Fortunately, Julie had emailed me detailed directions to the daffodils – which are not on the Demonstration Trail. She also told me to park and walk north up South Road to a road entrance. It was raining, so I figured, “eh, I’m going to cut that corner and walk through this field.”
Just a field. What’s the problem? Oh. What do they grow here, rice? This is not a fun field to traverse. Don’t walk across this field. Listen to my friend Julie.
I made it over to the woods road and walked down the hill. Soon, the DEEP Demonstration signs began popping up along the way; telling me all about the state’s Early Successional Habitat Management Project here. Exciting stuff to be sure.
Managed thickets! Brush piles! Riparian zones! Drumming logs!
Say what? Drumming logs? I majored in Ecology and Evolutionary Biology and I am fairly well versed in Early Successional Habitat Management Projects, but this was new to me.
Male ruffed grouse defend their territories and advertise for a mate by “drumming”. The drumming sound is made by beating his wings against the air. A log often serves as a stage for drumming display. This tree was cut and left to serve as a drumming log.
Ah. Makes sense. Here is a video of these guys drumming. I guess my confusion lies in the fact that… aren’t there enough fallen trees to serve as natural “drumming logs” already?
Moving on. The Demonstration Trail, which isn’t marked – but you can sort of follow it by noting signs up ahead, continues around a shrub swamp… but I wasn’t too interested in that. I hugged the shore of the larger pond per Julie’s instruction. There are all sorts of roads and trails at Roraback and I would strongly suggest you have your wits about you here. I imagine it’s probably pretty easy to get mixed up and lost.
My walk took me through a beautiful stand of pines as I made my way towards the other end of the pond. I just looked it up on a DEEP map and this pond is called Valley Pond.

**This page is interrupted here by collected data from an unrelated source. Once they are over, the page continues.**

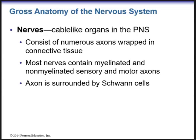Hey everyone, it's Dr. Mark Hahn. We're continuing on with Part 2 of Chapter 12. We're going to go into the gross anatomy of the nervous system. So let's talk about nerves.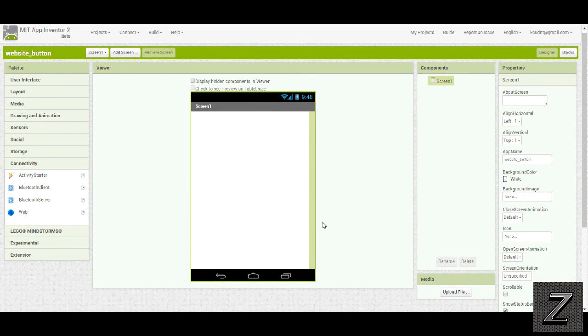Hello, and welcome to the Z-Hut. Today I'd like to show you how to have a button link to a website in MIT App Inventor 2.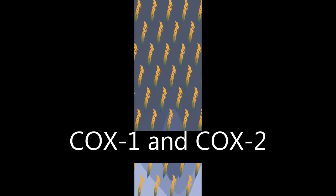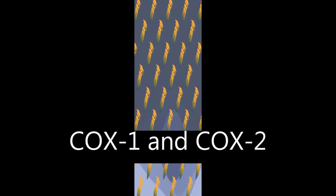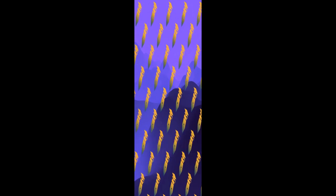The structural basis for COX-1 and COX-2 inhibition is described, along with methods used to evaluate COX-1/COX-2 inhibition.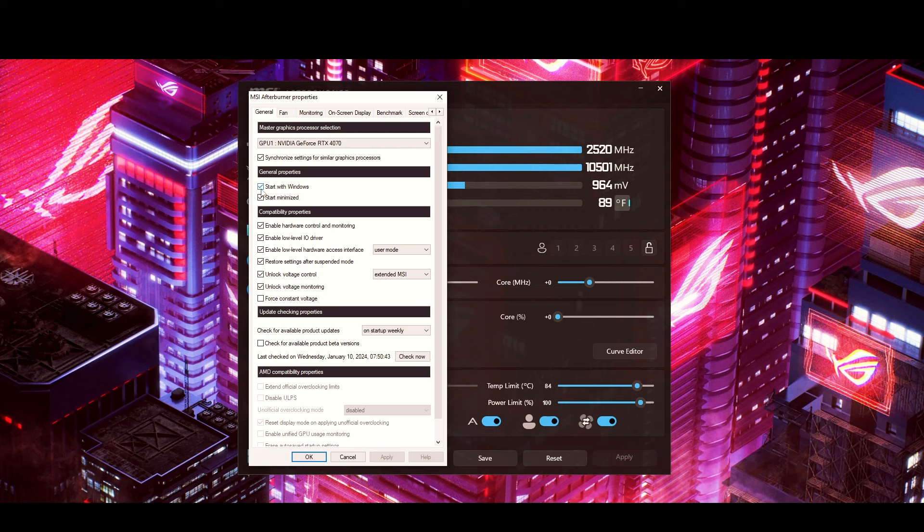The reason you want to uncheck those is: if you're not familiar with Afterburner and you overclock something, and it saves that overclock, then your computer shuts down and restarts — it's going to go into a boot loop. Some people may tell you differently, but it's always good to have that safety measure just in case you've overclocked too far and it restarts.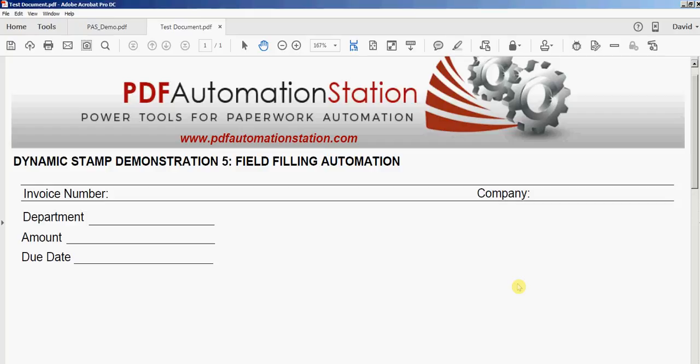This is number five in a series of ten short dynamic stamp videos, each demonstrating a different workflow or automation solution. This one is a field filling automation stamp.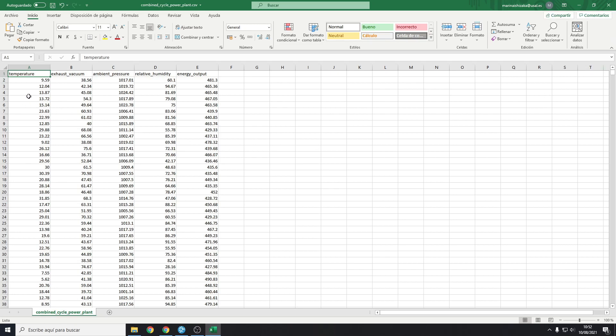The file has four different attributes: ambient temperature, atmospheric pressure, and relative humidity from the gas turbine, and exhaust vacuum from the steam turbine. The last column is the target variable, which is the energy production.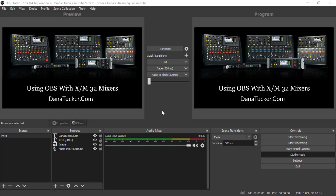In this video we're going to be talking about using OBS with the X32. I've been getting a lot of emails asking how to do it. I'm going to be real upfront with you — I've never used OBS before. I downloaded it yesterday, watched a few videos, and learned how to do a few things.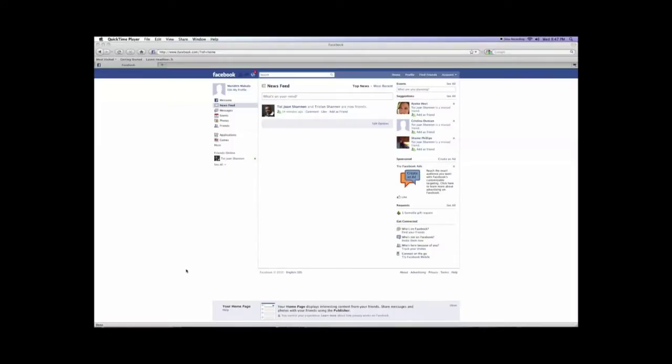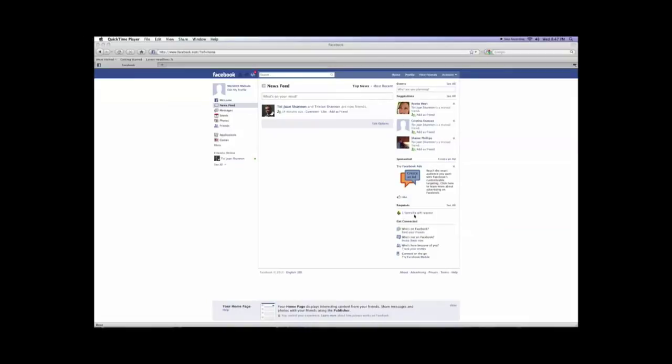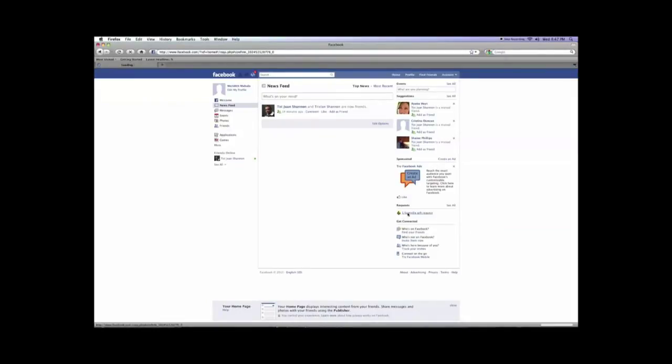Sometimes when you log on to Facebook you will notice that you have a FarmVille request. Sometimes Facebook will actually change the layout and they'll move things around, but right now it's on the right hand side. You'll see that it says one FarmVille gift request. So we'll click here to accept the request.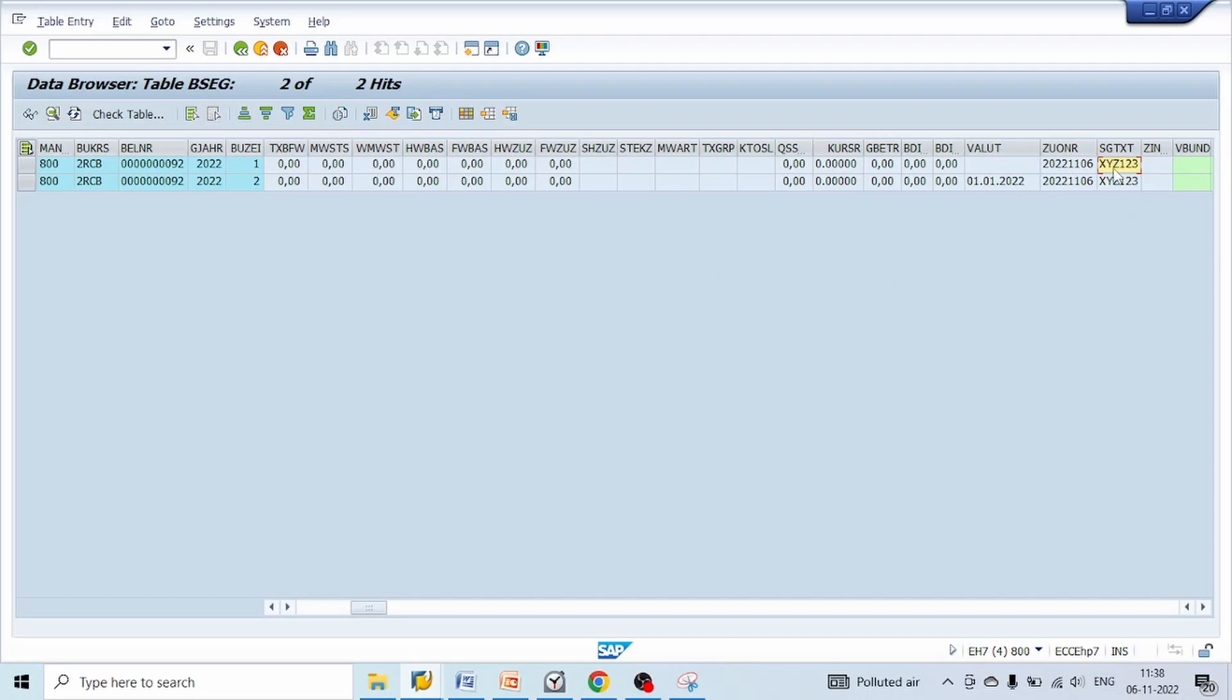BSEG SGTXT field. So with this we have successfully defined our substitution, activated, and tested successfully.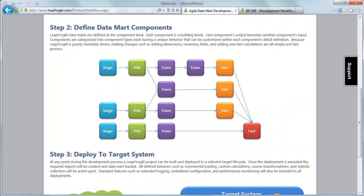With the metadata uploaded, I can then begin defining all of the components that, when linked together, will actually create and maintain a prescribed data mart. A component is a building block. I can take one component, define it, and use its output as the input to the next component. I can then use that next component's output for the next component, and so on. These components can be linked together in nearly any way. There are different component types, each with a very distinct role specific to data mart development.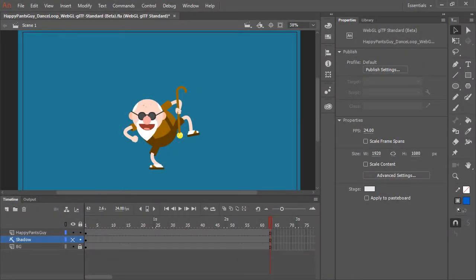You can, however, circumvent this by using many of the existing functionalities in Animate, by doing something like a break-apart, or converting to bitmap, instead of using a transformative skew, which is what's causing this particular problem.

I’d guess no one knows that though. But now you do.
For the round 73 of Connecticut Trivia Challenge bonus question.
As I approached the dammed end of the pond – er, Valley Pond – I began noticing the daffodils. Dozens, hundreds, thousands of them. A field of sunshine on a dreary, rainy day! Such a cool idea this is and I really love how it serves as a memorial to a solemn day. I imagine it is always quiet here; in Harwinton, off the beaten path, a mile or so from any road… And I like the fleeting nature of it as well.
I was probably a week to 10 days early to get the full effect, but it was beautiful just the same. I was all alone, in the rain, and took a moment to just appreciate what I have. It was nice. I like nice sometimes.

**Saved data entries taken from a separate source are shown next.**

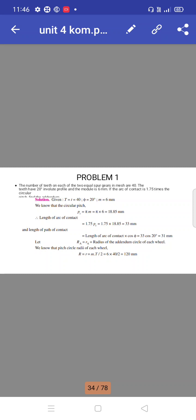Problem: Two equal gears in mesh each have 40 teeth with a 20-degree involute profile and a module of 6mm. The arc of contact is 1.75 times the circular pitch. Find the addendum. Given: circular pitch P equals π × M.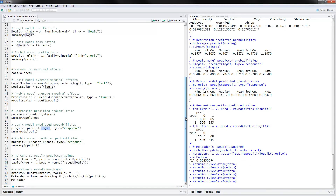Once we've calculated the predicted probabilities, we can calculate the percent correctly predicted values. We use the fitted values from the probit and logit models as the predicted values, and we also have the true values which is the y value from the data. These are the actual 0-1 values and these are the predicted 0-1s. Across the diagonal we have the percent correctly predicted. Summing the two diagonal numbers divided by the total gives the percent correctly predicted, which is about 62%.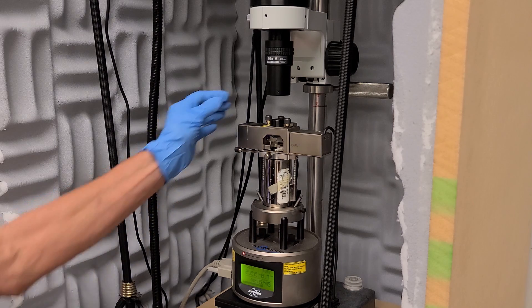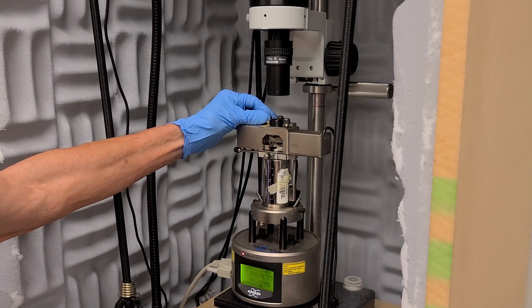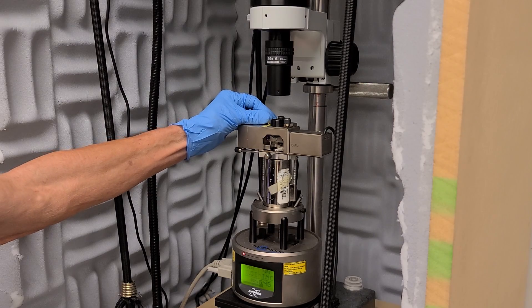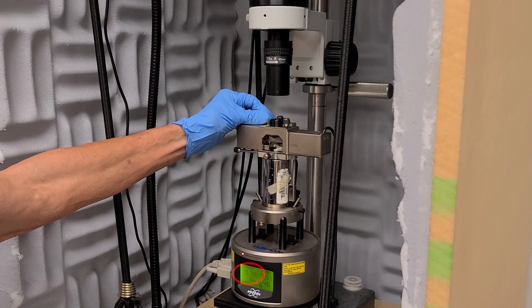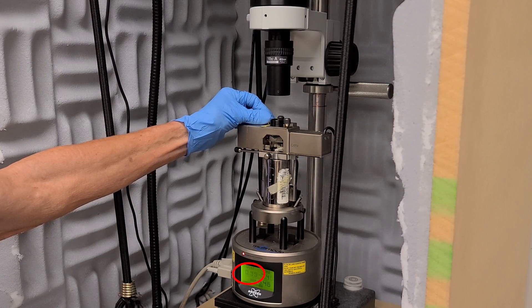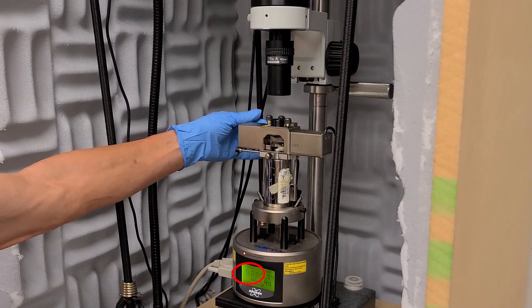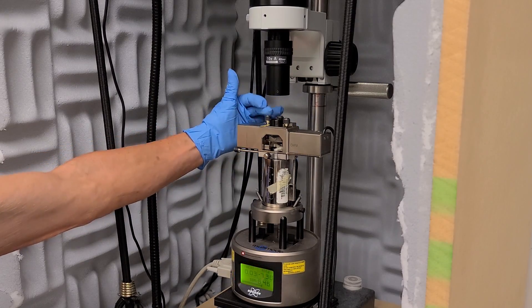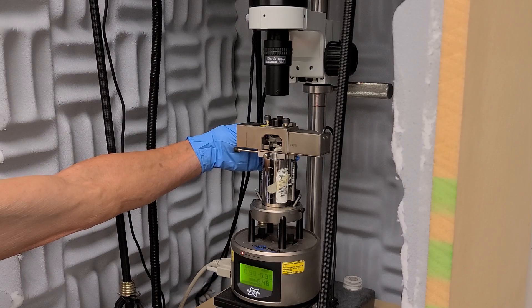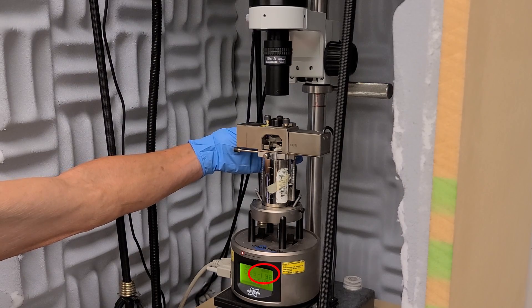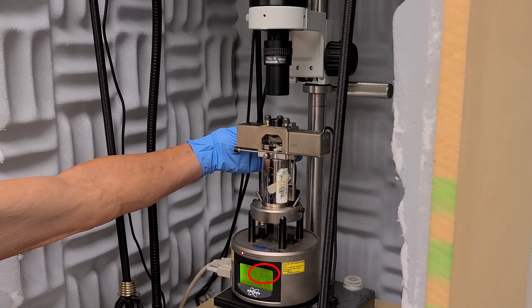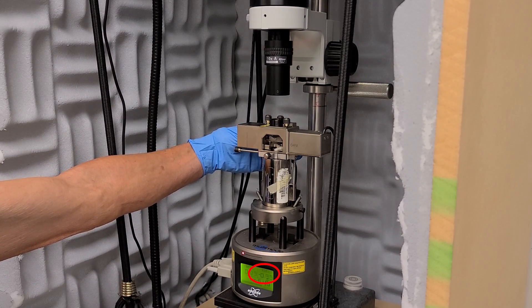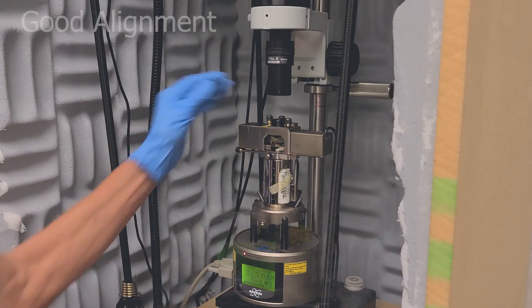To align the laser reflection to the center of the position sensitive detector or PSD, turn the vertical knob at the top left of the optical head until vertical value reaches 0 plus or minus 0.2. At the back left of the optical head, turn the horizontal knob until the horizontal value reaches 0 plus or minus 0.2. The alignment is now complete.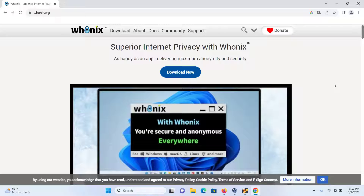In this video, we are going to be connecting Kali Linux with the Whonix gateway. You can connect other virtual machines too. So let's get started with the installation process.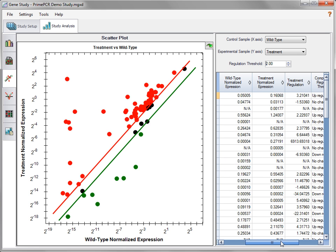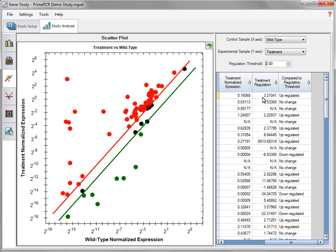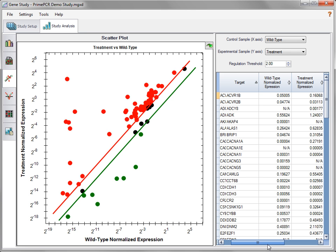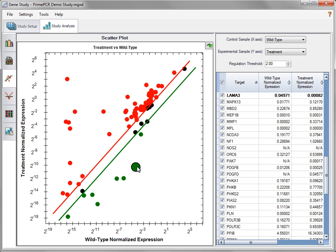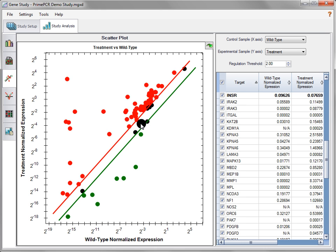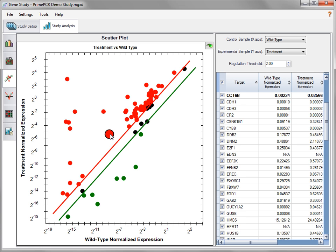In addition to normalized expression, the spreadsheet also contains values for regulation and regulation compared to threshold setting. When individual data points in the plot are moused over, the corresponding line in the spreadsheet is highlighted. Conversely, positioning the cursor over a line in the spreadsheet will cause the corresponding plot data to be highlighted.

I could have turned around and followed my steps back to the car, but I figured I could figure it out on my own. A faint trail hugged the shoreline on the other side of the pond, so I began following it. This appears to be a fisherman’s or hunter’s trail, but it wasn’t difficult to follow.

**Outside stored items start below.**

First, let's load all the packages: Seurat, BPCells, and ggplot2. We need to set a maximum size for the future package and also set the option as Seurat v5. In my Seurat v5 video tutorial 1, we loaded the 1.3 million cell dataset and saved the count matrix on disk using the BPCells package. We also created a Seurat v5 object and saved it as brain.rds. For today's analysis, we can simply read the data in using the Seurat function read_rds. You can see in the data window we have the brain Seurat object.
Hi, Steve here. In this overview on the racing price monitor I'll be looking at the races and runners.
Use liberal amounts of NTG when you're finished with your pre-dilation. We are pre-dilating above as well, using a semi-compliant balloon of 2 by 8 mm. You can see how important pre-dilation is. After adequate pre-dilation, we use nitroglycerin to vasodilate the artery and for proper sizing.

I just wasn’t sure how it would link up with the more official trails to take me back to my car. I was faced with a few trail splits and kept working my way back to where I felt I should go.
As it began raining much harder, I emerged from the woods and saw some Demonstration Trail signage! (Please note, at the risk of sounding like a pompous jerk, I’m pretty darn good at wayfinding and let’s face it, a large pond works as a pretty good guide.) But again, it would have been quite easy to find myself way south of where I wanted to be.
Back up the woods road, up the hill, and surely I walked all the way out to the road and not across the field again because I learned my lesso- nope. Back across the rice paddy field, cursing myself for being the dumbest Ecology and Evolutionary Biology Supreme Wayfinding Early Successional Habitat Management Project Genius you’ll ever meet.